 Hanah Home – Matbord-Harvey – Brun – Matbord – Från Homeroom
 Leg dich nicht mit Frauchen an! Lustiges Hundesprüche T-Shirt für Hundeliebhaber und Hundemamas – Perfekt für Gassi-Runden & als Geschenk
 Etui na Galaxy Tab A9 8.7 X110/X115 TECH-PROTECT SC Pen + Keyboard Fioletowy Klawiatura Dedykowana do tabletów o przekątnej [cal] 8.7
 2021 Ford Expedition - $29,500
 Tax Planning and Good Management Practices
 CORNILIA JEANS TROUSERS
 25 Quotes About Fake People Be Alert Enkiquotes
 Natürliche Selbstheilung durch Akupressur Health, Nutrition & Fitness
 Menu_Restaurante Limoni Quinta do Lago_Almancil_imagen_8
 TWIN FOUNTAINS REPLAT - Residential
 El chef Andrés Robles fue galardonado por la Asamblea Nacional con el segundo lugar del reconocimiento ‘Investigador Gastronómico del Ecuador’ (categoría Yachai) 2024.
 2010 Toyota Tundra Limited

§ **Work required**
Type out the material above once more, exactly.

§ **Exercise solution**
 Hanah Home – Matbord-Harvey – Brun – Matbord – Från Homeroom
 Leg dich nicht mit Frauchen an! Lustiges Hundesprüche T-Shirt für Hundeliebhaber und Hundemamas – Perfekt für Gassi-Runden & als Geschenk
 Etui na Galaxy Tab A9 8.7 X110/X115 TECH-PROTECT SC Pen + Keyboard Fioletowy Klawiatura Dedykowana do tabletów o przekątnej [cal] 8.7
 2021 Ford Expedition - $29,500
 Tax Planning and Good Management Practices
 CORNILIA JEANS TROUSERS
 25 Quotes About Fake People Be Alert Enkiquotes
 Natürliche Selbstheilung durch Akupressur Health, Nutrition & Fitness
 Menu_Restaurante Limoni Quinta do Lago_Almancil_imagen_8
 TWIN FOUNTAINS REPLAT - Residential
 El chef Andrés Robles fue galardonado por la Asamblea Nacional con el segundo lugar del reconocimiento ‘Investigador Gastronómico del Ecuador’ (categoría Yachai) 2024.
 2010 Toyota Tundra Limited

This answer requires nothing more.